REQUIRED WORK
What is needed is an exact copy of the records, with the images left out.

[Data items]
#####
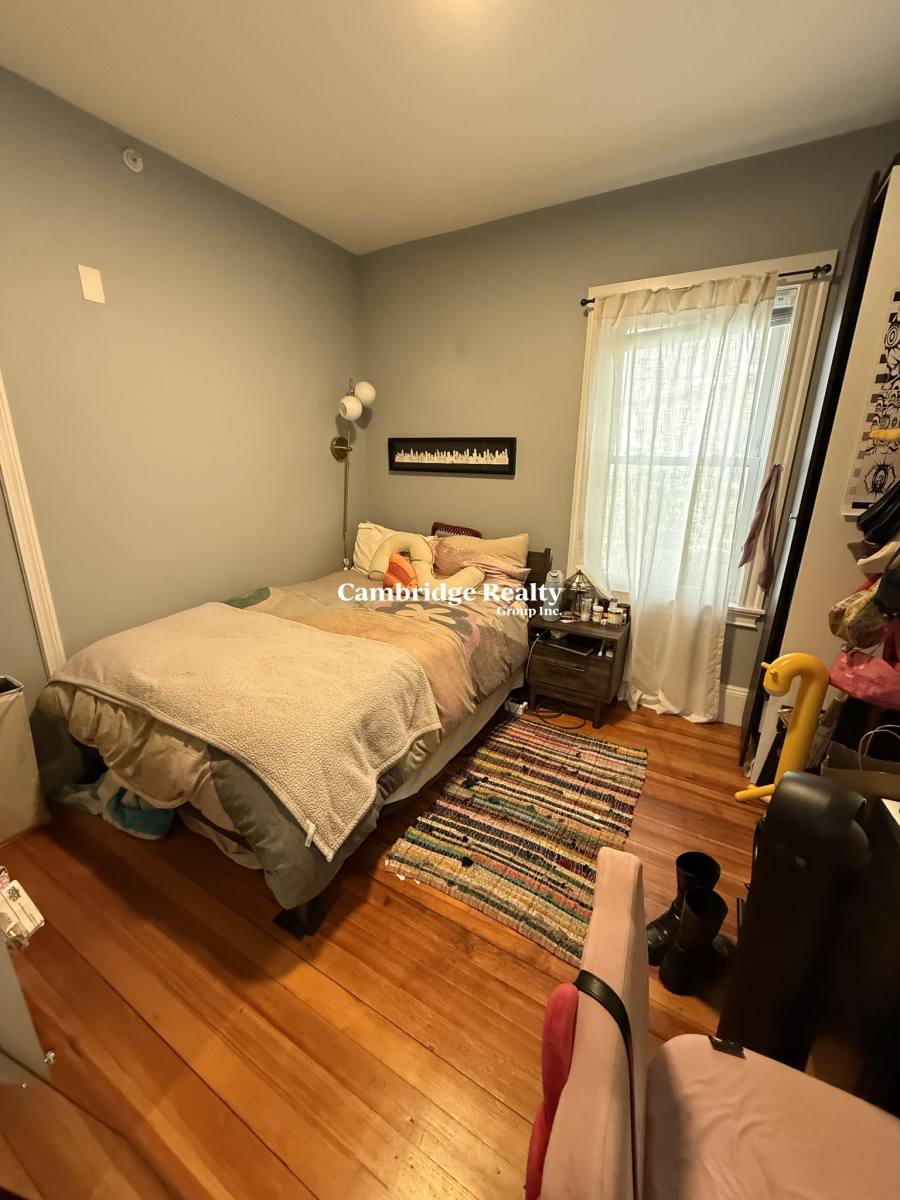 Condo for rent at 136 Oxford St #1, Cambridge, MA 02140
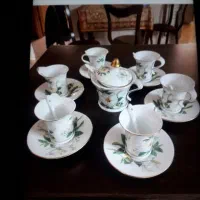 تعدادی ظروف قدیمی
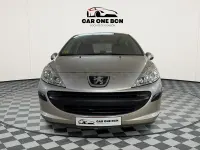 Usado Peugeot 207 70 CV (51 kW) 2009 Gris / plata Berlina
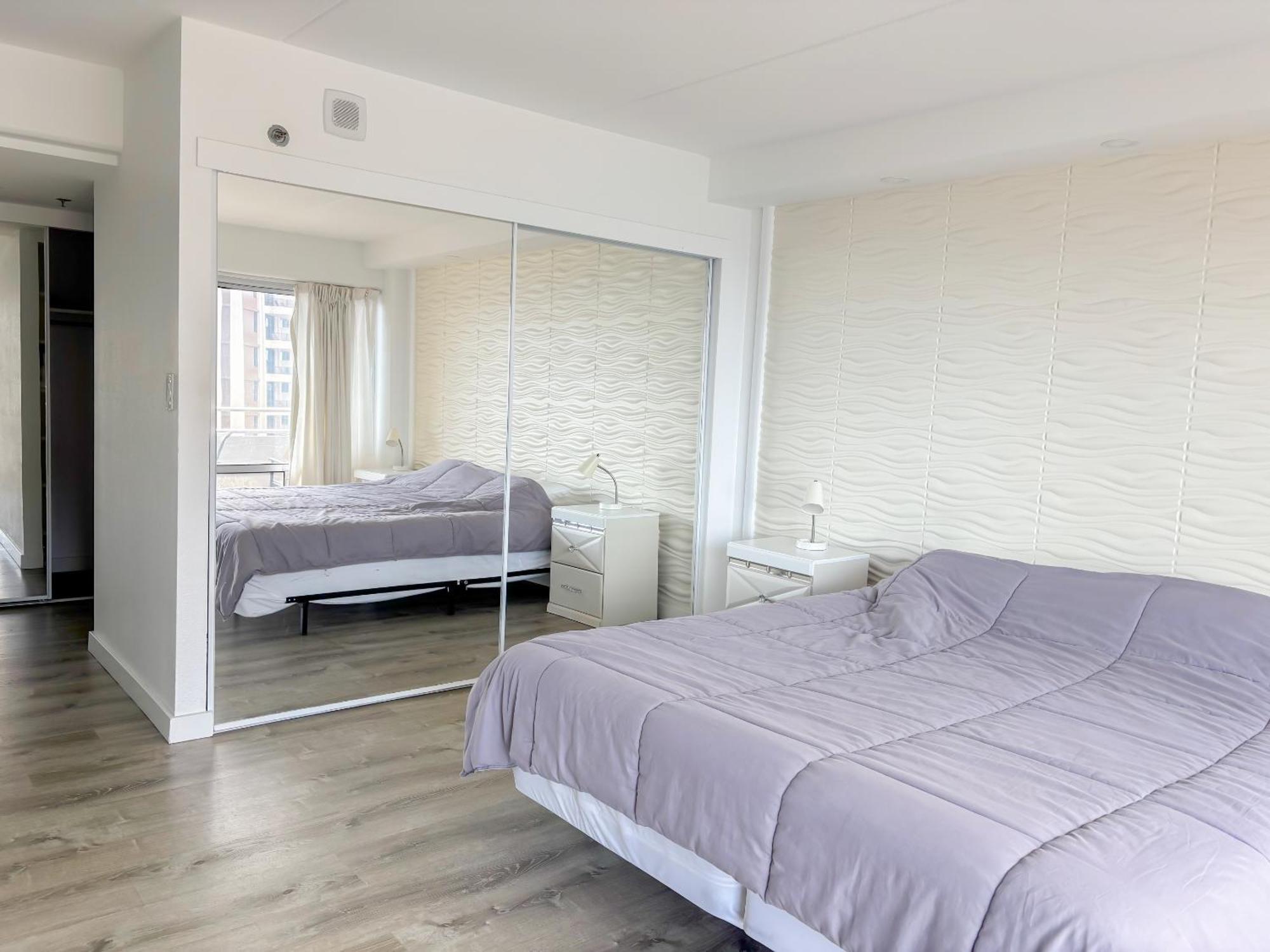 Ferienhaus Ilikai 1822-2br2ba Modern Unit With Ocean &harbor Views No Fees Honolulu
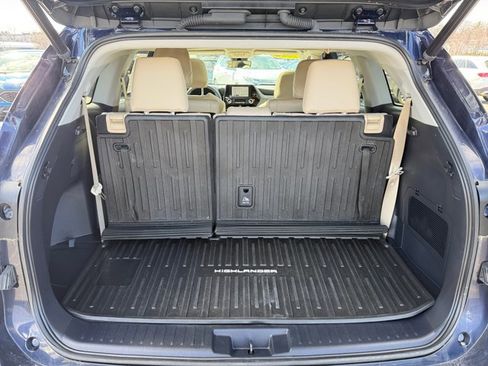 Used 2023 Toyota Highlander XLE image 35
#####
ANSWER SPACE
 Condo for rent at 136 Oxford St #1, Cambridge, MA 02140
 تعدادی ظروف قدیمی
 Usado Peugeot 207 70 CV (51 kW) 2009 Gris / plata Berlina
 Ferienhaus Ilikai 1822-2br2ba Modern Unit With Ocean &harbor Views No Fees Honolulu
 Used 2023 Toyota Highlander XLE image 35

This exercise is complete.